* **WHAT TO PRODUCE**:
Once the pictures are set aside, print the records that follow exactly as written.

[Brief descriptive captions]
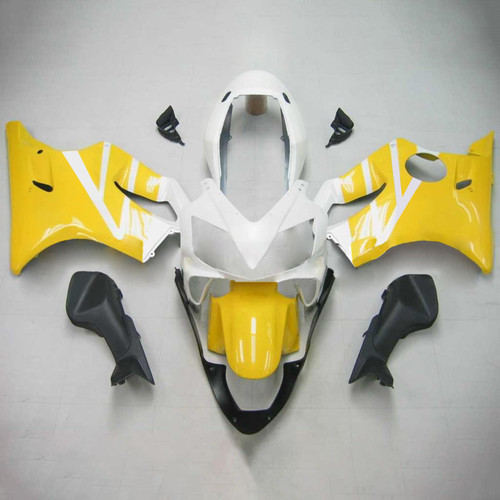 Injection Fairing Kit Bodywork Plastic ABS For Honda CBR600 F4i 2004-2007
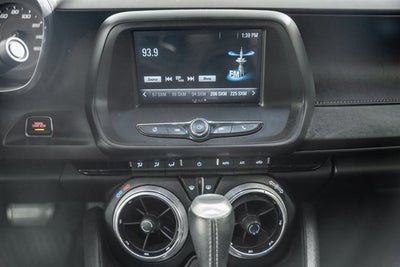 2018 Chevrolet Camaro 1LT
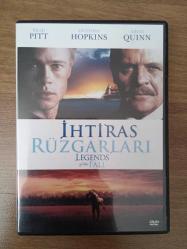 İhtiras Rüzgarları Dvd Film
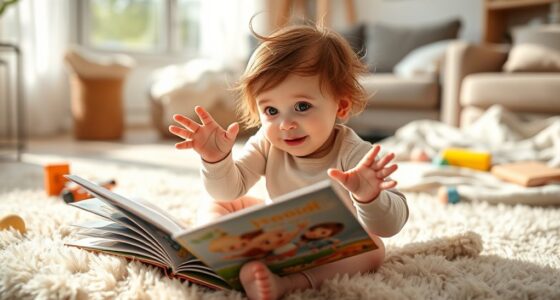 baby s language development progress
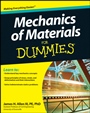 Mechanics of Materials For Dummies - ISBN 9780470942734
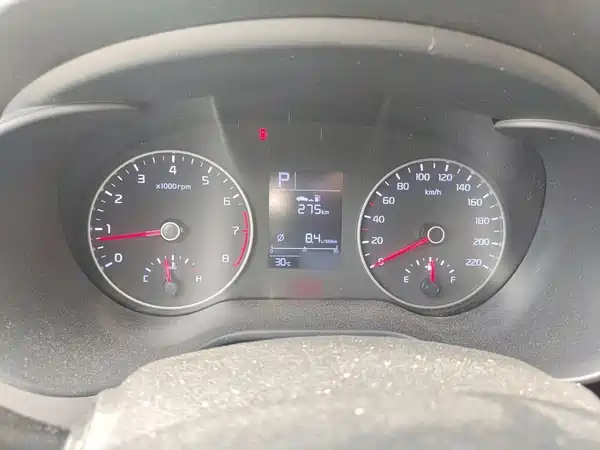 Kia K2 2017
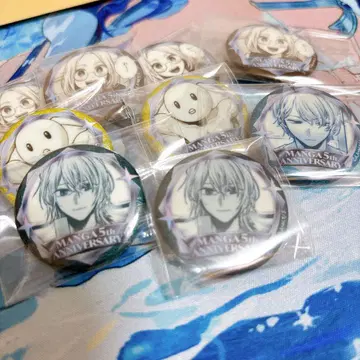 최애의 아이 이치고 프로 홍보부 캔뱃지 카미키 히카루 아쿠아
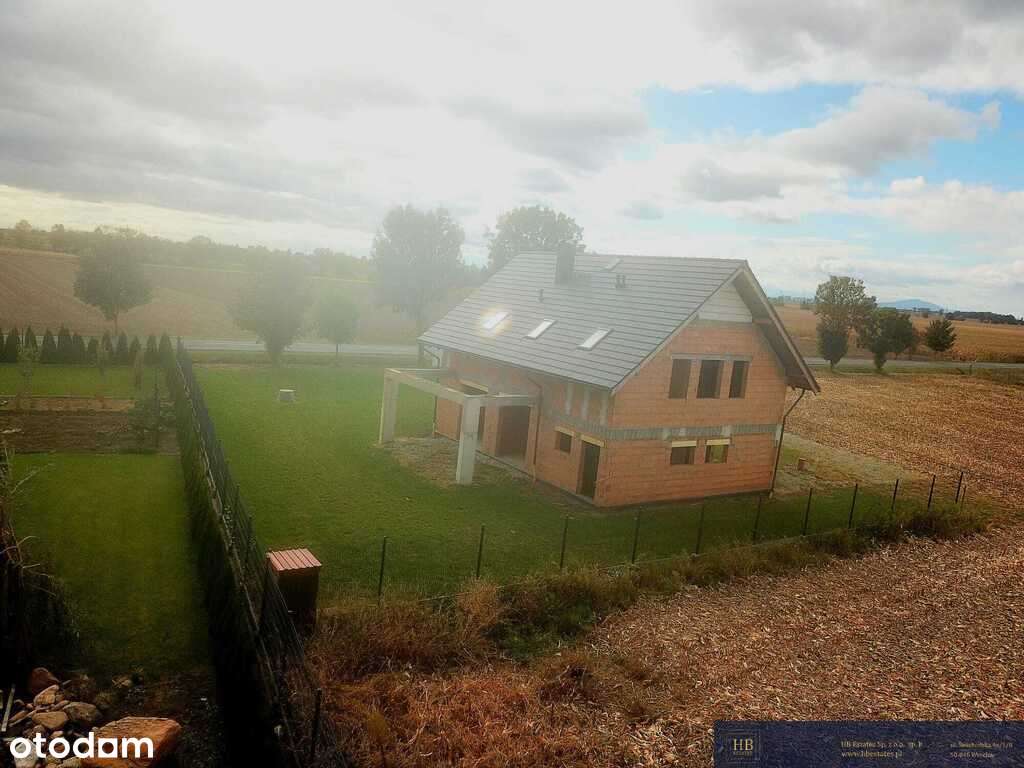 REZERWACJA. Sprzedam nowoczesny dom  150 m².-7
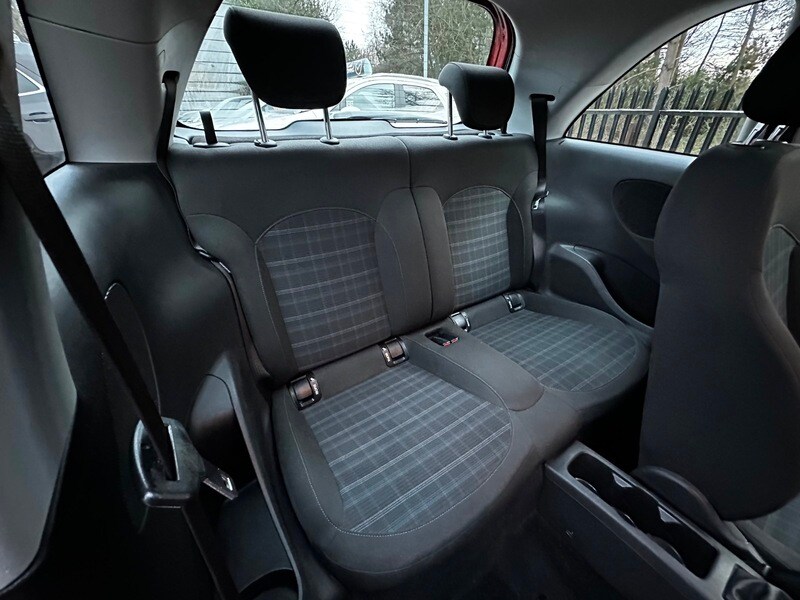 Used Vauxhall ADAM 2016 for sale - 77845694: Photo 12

* **ANSWER SECTION**:
 Injection Fairing Kit Bodywork Plastic ABS For Honda CBR600 F4i 2004-2007
 2018 Chevrolet Camaro 1LT
 İhtiras Rüzgarları Dvd Film
 baby s language development progress
 Mechanics of Materials For Dummies - ISBN 9780470942734
 Kia K2 2017
 최애의 아이 이치고 프로 홍보부 캔뱃지 카미키 히카루 아쿠아
 REZERWACJA. Sprzedam nowoczesny dom  150 m².-7
 Used Vauxhall ADAM 2016 for sale - 77845694: Photo 12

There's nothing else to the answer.